Everyday this week for National Library Week, we’re introducing you to the different departments of the New Mexico State Library.
Not at all geeky and anti-social we in Technical Services love to talk about what we do! Please call, please visit, have some chocolate! We won’t make fun of you just because we know the rules better.
We catalog for the collections at the State Library: government documents (NM and US), reference and circulating (the “Dewey” collections), newspapers and more. We catalog all media formats and in all languages. We are up-to-date on all the standards, certainly RDA. We know all the classification schemes –we’ve got your number if you need it; just ask– we classify using Dewey, Library of Congress, SuDocs and our very own NM docs schedule. Over 20,000 items roll out of our bureau each year. Here’s our catalog 🙂
An especially busy line in our factory is the state publications shipping line. State law requires us to ship to NM libraries (plus the Library of Congress) copies of all the new NM docs that we can get our hands on. More agencies are publishing online and we store and distribute copies of digital docs, too: it’s all in our CONTENTdm system. Click here for recent shiplists. Here’s an old Hitchhiker post with the shipping story.
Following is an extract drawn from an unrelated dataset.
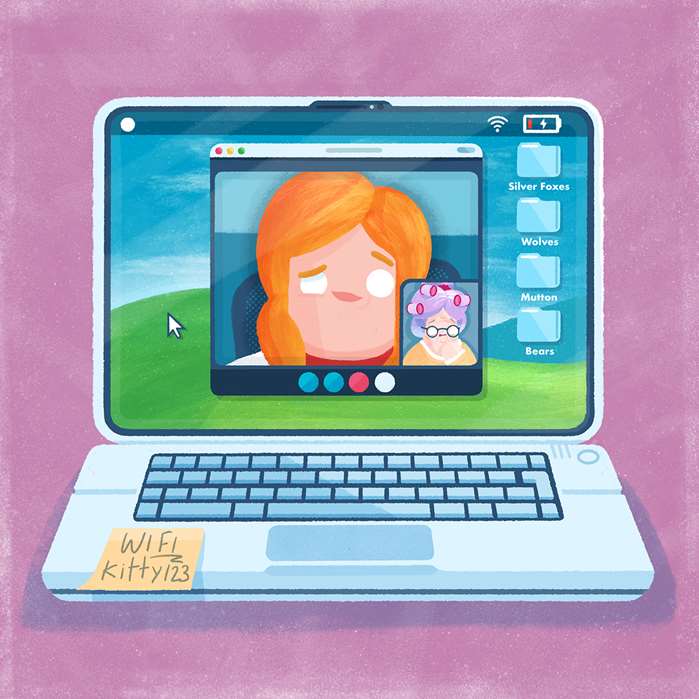 video call with granny in present age story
Bureau challenge: Making you all aware of the need to follow standards and to $$upport their implementation. The standards are changing more quickly, responding better to a world where searchers are simply banging on Google. For example, MARC is transitioning to BIBFRAME so that our users will discover library holdings info in their Bing or Google results.
Your turn: please contact us for any cataloging or digitization need. We’d love to give advice and to give you MARC records, too.
Staff trivia!! We are four librarians and one technician. Guess which cataloger went to Simmons, who went to Emporia, who went to Indiana, who went to Emory? Guess whose family has been in Northern New Mexico for generations? Who’s the Canadian, who’s from the Pacific Northwest, who’s that Hoosier, who’s that slow-talker from Tennessee?